Fuentes: La Estrella Digital

La guerra universal contra el terror que desencadenó Bush tras los atentados de septiembre de 2001, y que él se empeña en mantener activa como elemento esencial de su política doméstica e internacional, posee una peculiaridad que la hace realmente perversa: carece de un fin racional fácilmente perceptible. No tiene objetivo definido, salvo el enunciado, […]

La guerra universal contra el terror que desencadenó Bush tras los atentados de septiembre de 2001, y que él se empeña en mantener activa como elemento esencial de su política doméstica e internacional, posee una peculiaridad que la hace realmente perversa: carece de un fin racional fácilmente perceptible. No tiene objetivo definido, salvo el enunciado, de por sí vago y vaporoso, de acabar con todo tipo de terrorismos sobre la faz de la Tierra.

Esto es así porque las guerras habituales suelen concluir con la rendición de uno de los bandos, con un armisticio, con la destrucción del enemigo y la ocupación de su territorio o, en fin, con algún otro acto, claro y evidente, que desactiva de raíz y para un largo plazo la capacidad agresiva del enemigo derrotado. Solo en esas circunstancias puede decirse que «la guerra ha terminado».
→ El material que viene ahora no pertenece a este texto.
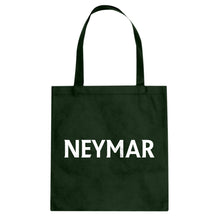 Tote NEYMAR Canvas Tote Bag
Incluso las luchas locales contra los terrorismos locales, sea en España, sea en Irlanda del Norte, pueden llegar a concluir con un acto en el que las organizaciones terroristas muestran fehacientemente el abandono definitivo de su política de lucha armada; proceden a entregar las armas o a destruirlas ante testigos acreditados; se disuelven, logran condiciones más favorables para sus activistas que se hallen cumpliendo condena y, en ciertos casos, reanudan la búsqueda de sus objetivos políticos a través de la acción habitual en el ámbito democrático, abandonando para siempre el recurso a la violencia.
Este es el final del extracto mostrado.